Friday, September 14, 2007

Now They Tell Me

The Ithaca Journal has this as breaking news today:
Northbound traffic is at a stand (sic) on Route 13 in Dryden due to road construction. Expect delays.

Dryden Dems

I have the link over on the right, but I wanted to highlight the new Dryden Democrats' website, which Patrick Reynolds wove magically from some suggestions and text from me. I think it's pretty cool, and so are our candidates this year. To a person, they represent the best of representative democracy, and the two who are already in government work like no one I've ever seen at the local level. They'll all be going door-to-door in the next couple of months, and I hope Drydenites listen with an open mind.

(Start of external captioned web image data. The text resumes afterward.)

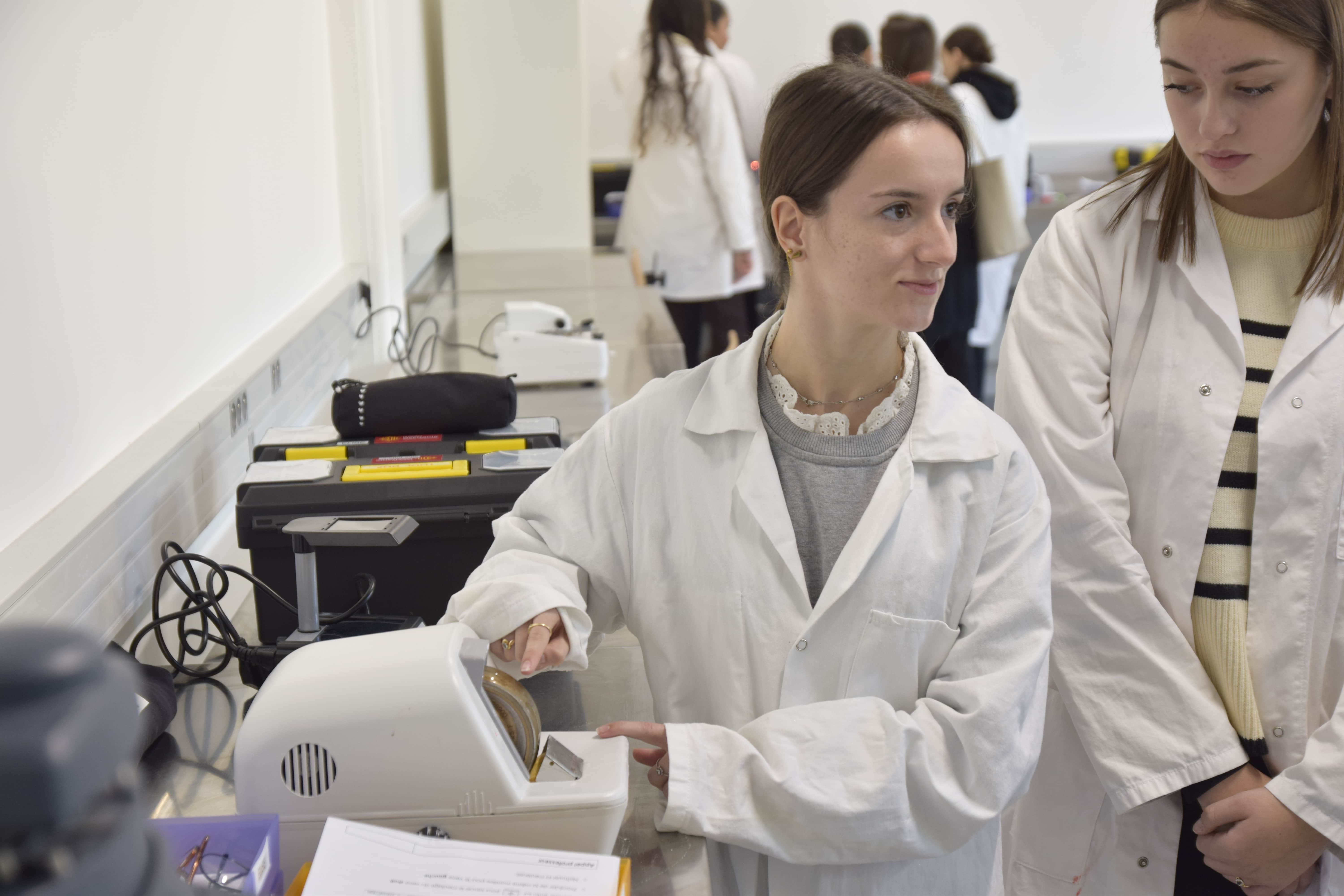 fille en blouse blanche présentant des appareils d'optique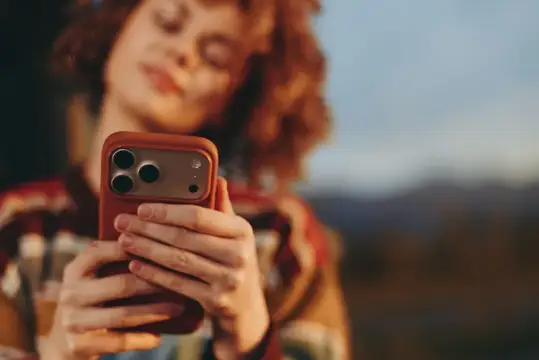 Рыжеволосая девушка держит смартфон в красном чехле на улице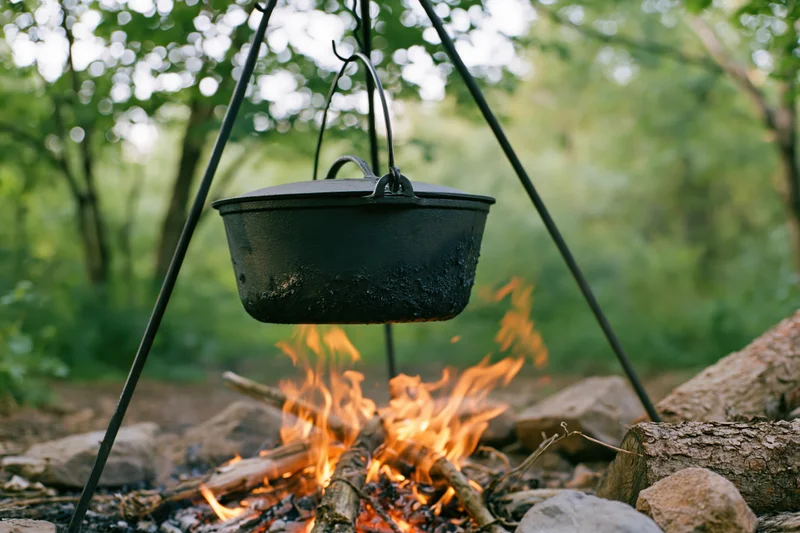 Blackened cast iron pot hanging over a campfire in a forest clearing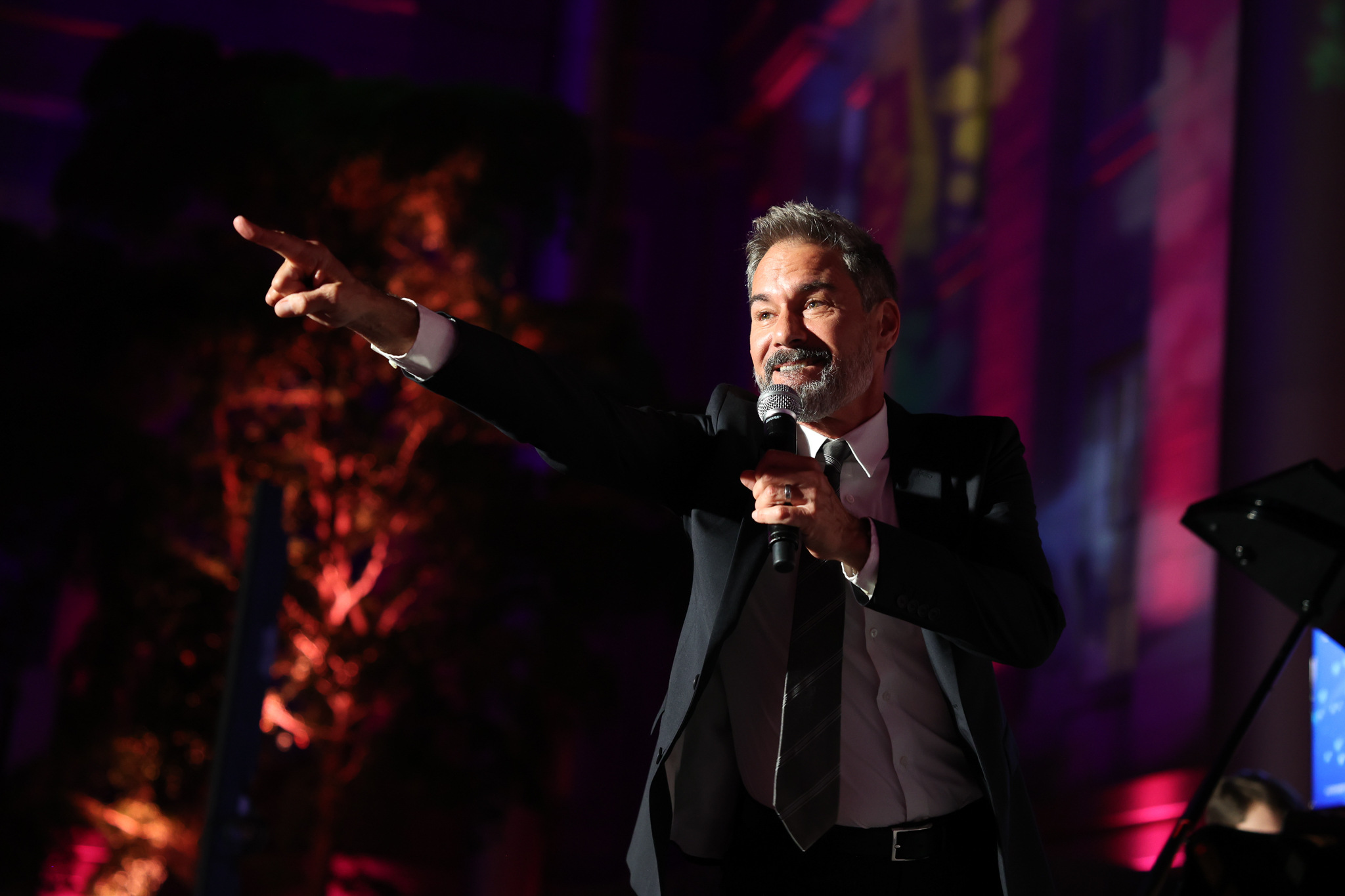 Eric McCormack on stage singing into a microphone.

Thursday, September 13, 2007

Traffic's Messy, Too

SmileyCentral.com Driving into four-corners Dryden this afternoon was like giving up hours of my life. Road crews sans radios kept everyone waiting in all directions. I can't imagine how backed up Route 13 coming from Cortland must have been. I tried all kinds of back-street maneuvers to avoid the mess, but I kept getting stuck. Finally, completely discouraged, I went all the way to Varna for the milk I needed.

Democracy Is Messy

Ithaca Democrats will vote in a Town Supervisor Primary on Tuesday. Since the two candidates are pretty close on the issues, the race has come down to a difference in management style that in some ways mirrors the difference between professional v. political described yesterday. Town Board members believe that the Supervisor, Cathy Valentino, has increasingly become autocratic. She is, self-appointed, the only spokesperson for the Town; she works tirelessly and unilaterally behind the scenes and presents issues tied up with a ribbon as faits accompli. Her opponent, Herb Engman, prefers a system of committees--composed both of citizens and of board members--that will chew over issues and advise the board. Obviously, Cathy's way is more efficient. Herb's way is messy, time-consuming, democratic.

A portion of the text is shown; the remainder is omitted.